Additionally, we can find who's accessing the data at a particular time in the hospital network. It is flagged as a potential risk if it is an unlikely behavior. When unauthorized access is made, an investigation is launched. There are similar use cases of Securonix that we built in hospitals in the US over the last six or seven years.

The big data security analytics platform, structured and unstructured data analytics, and user and entity behavior analytics provided by the product are probably the best in the industry.
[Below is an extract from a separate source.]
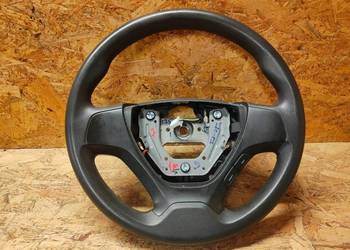 Kierownica Hyundai i10 II 2016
We were using it for data loss prevention and data acceleration. We wanted a platform with a proper ticketing facility, and as and when we reviewed a user, we also needed a proper documentation setup. Securonix provided that. We were able to integrate playbooks and a lot of other modules so that we not only looked at a particular problem area but also at other factors. We didn't only want to look at exfiltration but also at any lateral movement inside the company by a user. We wanted to look at the outliers in a better way, not only in terms of a user's activity but also in relation to the peer activity to show that it is not a team; it is just a team member doing something wrong.

We most probably were using version 6.0.

It was very easy for us to do our manual threat hunting. We had a lot of instances where we found our internal users exfiltrating data. We were able to see that they were exfiltrating data. We could confirm that through the platform by taking a deeper look, which was very nice. It is user-friendly and handy. It allowed us to look at all kinds of activities and logs.
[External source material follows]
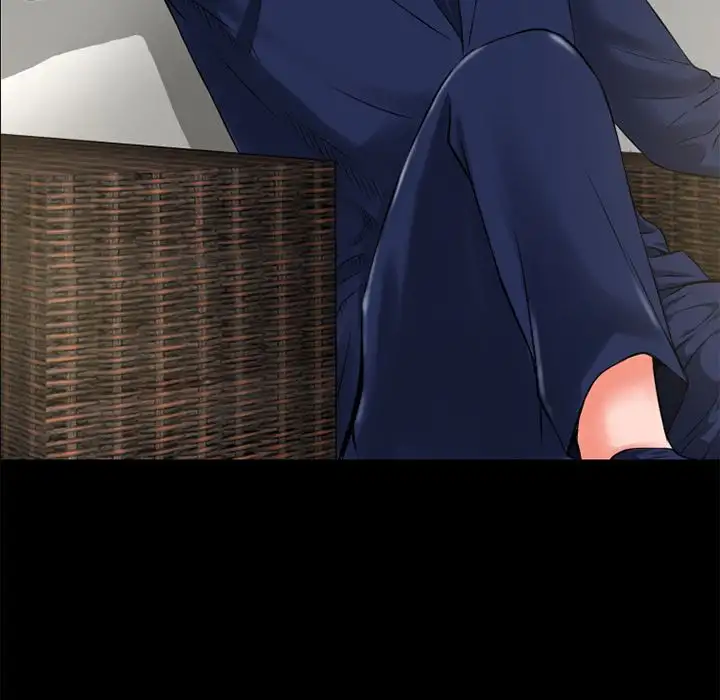 Beyond Imagination - Chapter 50 [photo 40] - MangaPorn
It provides actionable intelligence on threats related to the use cases. After you have done the configuration, it triggers an alert for any incident. This actionable intelligence is very important because it allows us to respond in time without missing the window of being able to take an action. Sometimes, threats are small, and the indicators do not pop up, but with manual analysis, we can get a complete view. So, it is very important to have real-time triggers.

We have been able to find a few true positives. Based on the triggers from the tool, we got to know that people have been exfiltrating data over a period of time. They had been doing it in small amounts, and that's why it went unnoticed. After the tool notified us, we discovered that one or two users have exponentially exfiltrated data over a period of time. Without the solution, just by looking at the logs, we wouldn't have known that. The tool understood the behavior and triggered a notification, and we got to know that. The users were not just sending our data to themselves but also to another vendor. They were contractors, and they were exfiltrating the data to another vendor. They were about to leave the company, and we were able to catch them before they left.
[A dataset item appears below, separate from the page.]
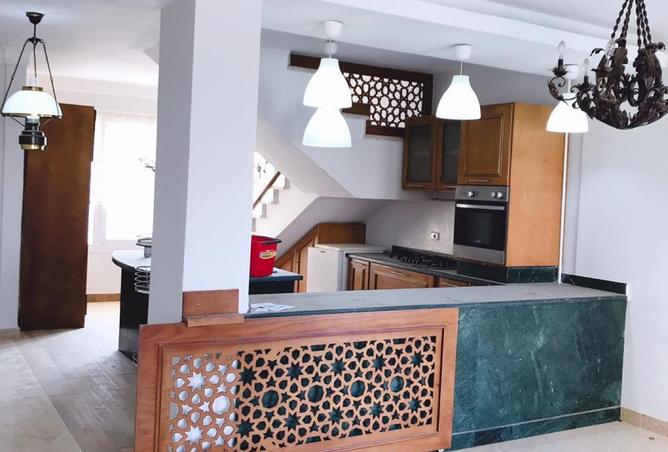 8337570 - Property Main Image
It reduces the amount of time required for investigations. If I had to check logs from different log sources or tools from different vendors and create tickets, it would have taken time. With SNYPR, we were able to perform a lot of actions within the same platform, and we were also able to push tickets to our SOAR management tool. Everything was in one place. We didn't have to navigate between different things. It was helpful for incident management. It took time for analysts to check whether an alert was a false positive or not and provide the right evidence. Having incident management within the tool reduced time in creating and closing some of the incidents. Instead of 30 minutes before, it was reduced to 10 to 15 minutes per incident. We didn't have back-and-forth navigation. Everything was in one place. 

It saved us a couple of hours of our day-to-day activity because everything was consolidated. Once I logged in, one or two hours were enough for me to look at everything and identify things to take an action on.

It has definitely helped us with threat management. Because of the sample use cases that we saw from Securonix, we were able to design a few of our own use cases. We would not have thought of those use cases in the past. We were able to add use cases that were helpful for our data internally. We were able to understand logs even better and create our specific use cases. It was good learning.